Possible and real puma are spotted almost daily and I analysed over a hundred examples of the steps of flight behaviour. Sometimes there seem to be none: quite suddenly, all visible horses are stampeding, drawing together into a packed bunch as they go. Massed flight is a popular defence tactic among social prey animals without refuges, for it confuses the predator’s eye and all may escape.

The slower-evolving flights show more clearly what steps are involved. First, the signal for alarm is an abrupt rise of the head, bringing the nose level with the withers, combined with obvious body tension. If it was not the stallion who spotted the threat, he then stepped forward, staring, while the mares, glancing in the same direction, hurried to bunch together behind him, callingtheir foals to join them. If he then decided to whirl round and run, so did they. If he relaxed, so did they. In other words, the horse’s initial reaction to alarm is not, as we so often think, to flee, but to bunch together ready for flight. A horse that has strayed far from her herd and becomes startled similarly does not run away but back to the band, even if that actually brings her closer to whatever has scared her. Once with them, she calms down if they remain calm.

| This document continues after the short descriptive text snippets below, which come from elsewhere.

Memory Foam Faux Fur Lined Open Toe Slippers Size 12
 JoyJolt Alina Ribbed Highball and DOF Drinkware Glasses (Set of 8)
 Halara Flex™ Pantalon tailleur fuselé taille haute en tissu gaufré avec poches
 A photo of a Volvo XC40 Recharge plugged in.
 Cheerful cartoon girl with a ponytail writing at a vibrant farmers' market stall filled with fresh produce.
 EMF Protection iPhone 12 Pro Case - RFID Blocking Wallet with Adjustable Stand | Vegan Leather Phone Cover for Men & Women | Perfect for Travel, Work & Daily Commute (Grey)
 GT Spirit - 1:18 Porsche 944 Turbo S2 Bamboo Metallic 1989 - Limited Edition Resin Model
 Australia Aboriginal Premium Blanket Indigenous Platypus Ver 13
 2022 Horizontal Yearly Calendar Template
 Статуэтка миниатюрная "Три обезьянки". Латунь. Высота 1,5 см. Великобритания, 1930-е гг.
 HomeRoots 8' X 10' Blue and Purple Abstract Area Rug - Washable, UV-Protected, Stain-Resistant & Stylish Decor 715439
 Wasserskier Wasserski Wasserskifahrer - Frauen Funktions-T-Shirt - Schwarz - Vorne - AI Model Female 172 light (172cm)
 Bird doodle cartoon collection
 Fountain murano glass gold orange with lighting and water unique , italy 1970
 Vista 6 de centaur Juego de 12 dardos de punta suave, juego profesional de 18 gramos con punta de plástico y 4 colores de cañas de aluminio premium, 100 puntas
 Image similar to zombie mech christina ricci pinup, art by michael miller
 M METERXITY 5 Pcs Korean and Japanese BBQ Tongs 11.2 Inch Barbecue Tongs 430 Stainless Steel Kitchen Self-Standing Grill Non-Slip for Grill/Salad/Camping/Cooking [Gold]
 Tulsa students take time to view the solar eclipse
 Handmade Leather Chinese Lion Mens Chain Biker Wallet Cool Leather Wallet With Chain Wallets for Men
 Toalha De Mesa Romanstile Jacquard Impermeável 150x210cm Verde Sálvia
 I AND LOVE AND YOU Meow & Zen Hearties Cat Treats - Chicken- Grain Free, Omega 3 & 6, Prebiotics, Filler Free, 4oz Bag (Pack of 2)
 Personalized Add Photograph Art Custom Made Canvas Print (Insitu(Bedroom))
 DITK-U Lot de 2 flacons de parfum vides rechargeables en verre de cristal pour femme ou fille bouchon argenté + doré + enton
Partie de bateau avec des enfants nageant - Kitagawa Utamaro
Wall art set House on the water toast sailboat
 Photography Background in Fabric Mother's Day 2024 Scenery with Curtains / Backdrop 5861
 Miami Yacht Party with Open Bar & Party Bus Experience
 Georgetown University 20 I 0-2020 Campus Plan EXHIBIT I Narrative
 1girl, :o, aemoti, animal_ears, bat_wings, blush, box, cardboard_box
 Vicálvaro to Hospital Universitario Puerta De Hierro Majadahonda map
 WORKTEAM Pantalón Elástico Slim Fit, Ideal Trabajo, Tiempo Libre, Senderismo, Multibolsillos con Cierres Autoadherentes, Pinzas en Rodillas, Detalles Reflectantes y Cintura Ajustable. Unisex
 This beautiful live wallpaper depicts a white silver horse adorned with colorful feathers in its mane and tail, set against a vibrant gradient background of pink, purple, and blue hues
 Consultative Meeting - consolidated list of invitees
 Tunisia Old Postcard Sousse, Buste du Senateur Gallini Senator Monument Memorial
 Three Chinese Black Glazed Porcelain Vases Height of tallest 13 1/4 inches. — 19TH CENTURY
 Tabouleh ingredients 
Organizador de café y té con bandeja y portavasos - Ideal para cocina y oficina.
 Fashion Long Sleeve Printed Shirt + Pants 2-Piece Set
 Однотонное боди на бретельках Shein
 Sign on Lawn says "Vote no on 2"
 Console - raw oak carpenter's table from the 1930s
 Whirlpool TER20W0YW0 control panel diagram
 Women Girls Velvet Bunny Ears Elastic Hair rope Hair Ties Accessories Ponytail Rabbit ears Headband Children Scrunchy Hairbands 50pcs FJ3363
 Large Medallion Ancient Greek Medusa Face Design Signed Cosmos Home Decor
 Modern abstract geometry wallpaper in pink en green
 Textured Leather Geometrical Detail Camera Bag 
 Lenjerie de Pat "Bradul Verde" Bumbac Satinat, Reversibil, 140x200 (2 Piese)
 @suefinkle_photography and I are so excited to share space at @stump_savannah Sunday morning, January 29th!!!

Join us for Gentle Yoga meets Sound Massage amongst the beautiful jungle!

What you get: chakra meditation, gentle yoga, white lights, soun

If bunching provides security, flight becomes unnecesary

 

 

Domestic groups that lack a stallion bunch together in the same way when startled. Their decision to flee is affected by the most nervous member. If no one starts running they all calm down, but once one flees, so do they all. Bunching precedes flight and if it provides sufficient security, there is no need for fight.

We can parallel these steps when leading out a youngster, a valuable part of early training in that it allows us to show him that we are unafraid and that he may rely on our judgement. When he stops, head high and obviously poised for flight, our best move is to step forward, stare fixedly in the same direction and then relax conspicuously. So will he. Yanking at the lead rope or ignoring his important communication isolates him in his fear. If he finds the security and knowledgeable calm in us that he finds in his natal band, he does not need to run away.

A startled horse may press or dive towards us. Some regard this as lack of respect for our space and scold him, but we do not have the same bodies as horses. Were we as big and long as they, he would stop at a certain distance when we filled most of his visual field, which we can never do. Putting a firm hand on his neck reminds him not to knock us off our feet while we stop, examine the ‘danger’, relax conspicuously and praise him for choosing us rather than flight.

Round pen techniques can also incorporate rather than suppress the horse’s natural behaviour. Essentially we allow the horse to discover that we represent the same security as do his herd mates and that if he bunches with us he has no need for flight. Released with a rope tied round his neck and draped around his body, he is free to choose between fleeing or staying with us. Once he has tried both he is convinced that staying is better. Obviously, we must first have shown him that he is always safe in our hands: chasing him or repeatedly prodding him to show our inescapable control does not teach him we are pleasant, safe company.

 

What is striking about these simple techniques is how quickly and effectively horses learn to check their own flight reaction when they know that referring to us obviates its necessity. When startled out on a country ride, they simply stop and wait for our decision as to the gravity of the situation; many crane their heads round to look at us for advice. Suddenly the problem is not the horse’s reaction but ours. It takes us far longer to learn to control that instinctive tension and grab at the reins that tells him that we think flight is necessary.